Nicht traurig oder von Bitterkeit erfüllt, sondern amüsant und lebhaft hatte die Großmutter aus der Vergangenheit zu erzählen gewußt. So manche Familienanekdote, Dorfgeschichte oder Gruselmär war bis heute fest im Bewußtsein ihrer Enkelinnen verankert. Und jetzt standen sie hier, in diesem badischen Antiklädchen, und hatten Mohrungen vor Augen! Eine seltsame Stimmung überkam sie. Dieser Teller war nicht nur ein Relikt aus alter Zeit, er stand für die eigene Kindheit, die eigene Geschichte ...
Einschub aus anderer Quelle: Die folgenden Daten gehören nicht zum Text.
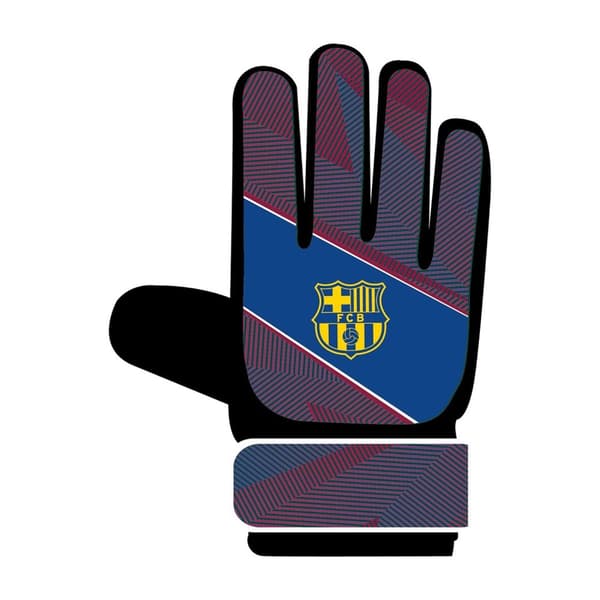 FC Barcelona Childrens/Kids Goalkeeper Gloves Blue/Purple 5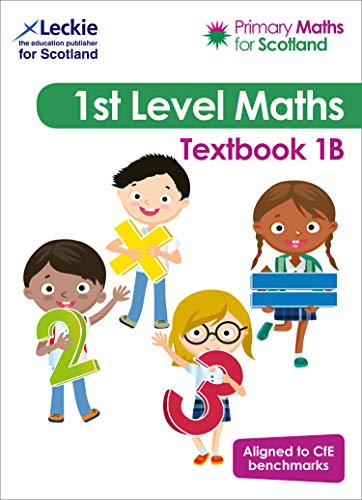 Primary maths textbook 1B cover with children and large numbers.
Claudia sah sich nach dem Inhaber um, einem fröhlichen jungen Mann, der bereitwillig Auskunft gab. Besagter Teller stammte aus dem Nachlaß eines in dieser Gegend ansässigen alten Mannes. Die Angehörigen hatten kein Interesse an dessen Hinterlassenschaft gezeigt, und so hatte man ihn mit der Haushaltsauflösung beauftragt. Auf diese Weise war der Wandteller in seinen Besitz gelangt. "Und Sie interessieren sich für Mohrungen?" - "Würden wir sonst fragen?" erwiderte Claudia leise. "Unsere Familie war über Generationen dort ansässig. Was soll er denn kosten, der Teller?" Der junge Mann lächelte. "Sie kostet er gar nichts. Er hat ja auf Sie gewartet. Jetzt schließt sich der Kreis - Happy End würde ich sagen!"

Dankbar und nachdenklicher Stimmung traten Claudia und Uschi den Heimweg an. Ein Souvenir hatten sie kaufen wollen. Es stand in keiner Beziehung zu dieser Wald- und Rebenlandschaft. Doch die Cousinen wußten: Ein besseres hätten sie gar nicht finden können.